Source data »
^^^^^^^^^^^^^^^^

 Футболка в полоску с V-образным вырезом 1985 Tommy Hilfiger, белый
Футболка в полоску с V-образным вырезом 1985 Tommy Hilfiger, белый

^^^^^^^^^^^^^^^^

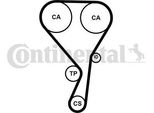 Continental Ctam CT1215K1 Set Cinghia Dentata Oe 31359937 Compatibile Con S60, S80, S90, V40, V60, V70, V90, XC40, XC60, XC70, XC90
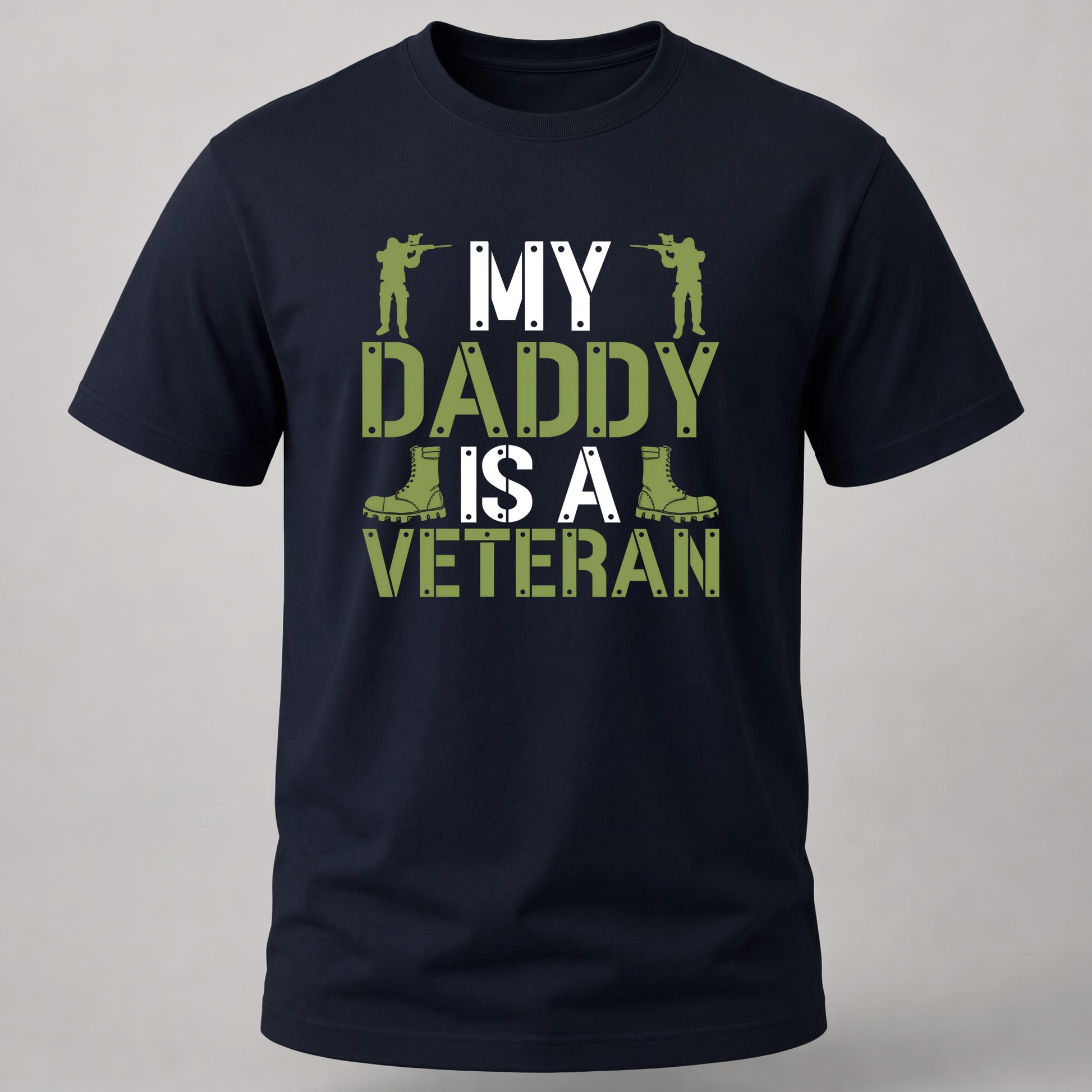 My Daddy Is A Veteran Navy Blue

^^^^^^^^^^^^^^^^

Work instruction » Above are the records; copy from them only the lines starting at the one containing "Continental Ctam CT1215K1" and ending at the one containing "My Daddy Is A Veteran Navy Blue", exactly and without pictures.

Answer to this task »
 Continental Ctam CT1215K1 Set Cinghia Dentata Oe 31359937 Compatibile Con S60, S80, S90, V40, V60, V70, V90, XC40, XC60, XC70, XC90
 My Daddy Is A Veteran Navy Blue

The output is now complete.